In most cases, it is sufficient to use the recommended default values. Modifying them is only advisable in the event of specific issues (frequent leader re-elections, unstable network, very large metadata volume).


Configuration Placement and Starting Keeper

Standalone clickhouse-keeper service

In this scenario:

  • main configuration file: /etc/clickhouse-keeper/keeper_config.xml
  • additional files: /etc/clickhouse-keeper/keeper_config.d/*.xml or *.yaml

After configuring, execute the following commands:

sudo systemctl enable clickhouse-keeper
sudo systemctl start clickhouse-keeper
sudo systemctl status clickhouse-keeper

Alternatively, you can start Keeper directly:

clickhouse-keeper --config /etc/clickhouse-keeper/keeper_config.xml
# or
clickhouse keeper --config /etc/clickhouse-keeper/keeper_config.xml

Embedded Keeper within the clickhouse-server process

If Keeper runs as part of clickhouse-server, the <keeper_server> block is added to the server's configuration:

<clickhouse>
<!-- ... other ClickHouse settings ... -->

<keeper_server> ... </keeper_server>
</clickhouse>

After updating the configuration, simply restart the server:

sudo systemctl restart clickhouse-server

In this case, the ClickHouse and Keeper processes are shared. In production environments, this approach is typically used only for small test setups.

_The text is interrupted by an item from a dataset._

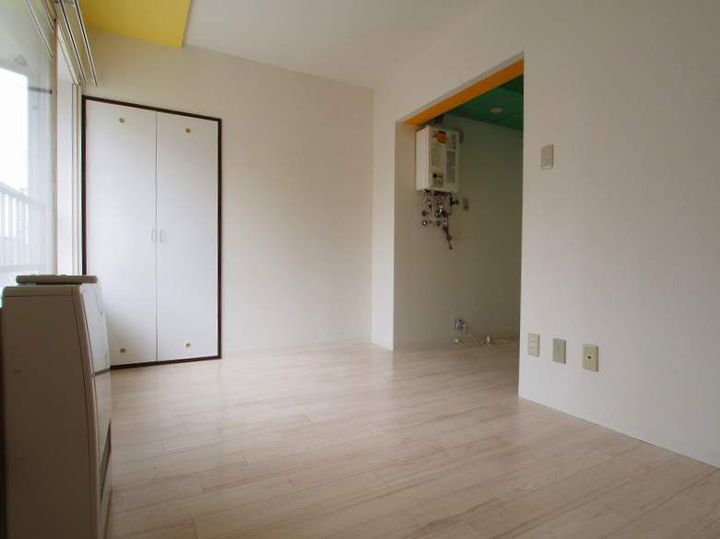 エミネンスほしの302の居間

Integrating ClickHouse Keeper with ClickHouse Server

From the perspective of ClickHouse servers, ClickHouse Keeper appears as a ZooKeeper-compatible service. On each ClickHouse node, the coordinators must be specified in the <zookeeper> section:

<clickhouse>
<!-- ... -->

<zookeeper>
<node>
<host>ch-keeper-01</host>
<port>9181</port>
</node>
<node>
<host>ch-keeper-02</host>
<port>9181</port>
</node>
<node>
<host>ch-keeper-03</host>
<port>9181</port>
</node>
</zookeeper>

<!-- Macros for configuring replicated tables -->
<macros>
<cluster>cluster_name</cluster>
<shard>01</shard>
<replica>01</replica>
</macros>
</clickhouse>

It is important that the list of nodes in <zookeeper> matches the actual Keeper cluster configuration (the same hostname and tcp_port specified in <keeper_server>).

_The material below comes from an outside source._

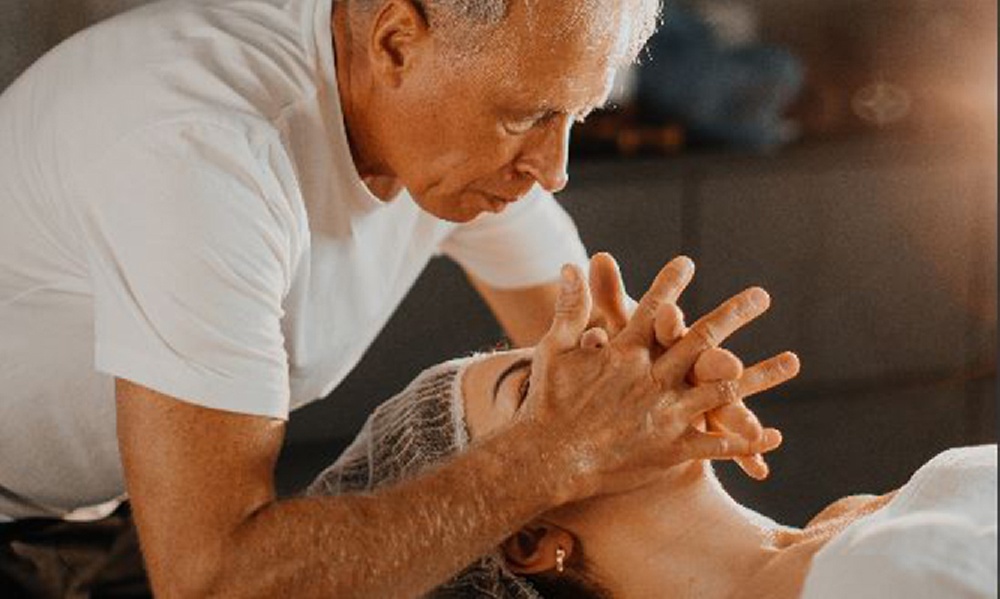 Zrelaksuj się przy masażu hiszpańskim lub masażu bambusami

The <listen_host> parameter and IPv6 specifics

By default, ClickHouse creates several listen_host entries to listen on the local interface via IPv4 and IPv6 (127.0.0.1 and ::1). If connections from other hosts need to be accepted, the following line is typically added:

<listen_host>0.0.0.0</listen_host>

This is a wildcard address for IPv4 only: the server will listen on all IPv4 interfaces of the node but will not open ports for IPv6. For systems using only IPv4, this option is preferable and additionally avoids a number of IPv6-related issues.

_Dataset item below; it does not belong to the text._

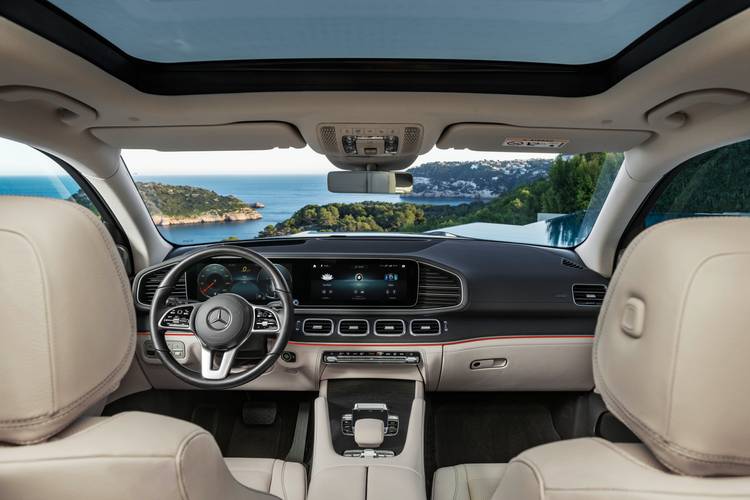 Mercedes-Benz GLS X167 2020 wnętrze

IPv6 and ClickHouse Startup Issues

On some distributions, IPv6 is disabled or not configured in the kernel. In such cases, attempting to listen on the IPv6 wildcard address may lead to errors.

<listen_host>::</listen_host>

If the server has no actual IPv6 support, it is recommended to:

  • avoid using <listen_host>::</listen_host>

  • explicitly specify the IPv4 option:

    <listen_host>0.0.0.0</listen_host>
  • additionally, disable IPv6 in the ClickHouse/Keeper configuration if necessary:

    <enable_ipv6>false</enable_ipv6>

This will force ClickHouse to listen only on IPv4 interfaces and eliminate errors related to the absence of IPv6.

Simultaneous IPv4 and IPv6 Support

If IPv6 is used in the infrastructure and the server must accept connections via both protocols, you can use the IPv6 wildcard address instead of 0.0.0.0:

<listen_host>::</listen_host>

In this case, ClickHouse will open ports on all IPv6 and IPv4 interfaces (provided IPv6 is enabled in the system). This mode should only be enabled in conjunction with proper firewall configuration, network ACLs, and user access policies.


Verifying ClickHouse Keeper Functionality

Via ClickHouse

From the perspective of ClickHouse servers, the Keeper state can be checked by querying the system.zookeeper system table:

SELECT *
FROM system.zookeeper
WHERE path IN ('/', '/clickhouse');

The presence of nodes /clickhouse and service branches (e.g., /clickhouse/task_queue/ddl) indicates that Keeper is accessible and being used for coordination.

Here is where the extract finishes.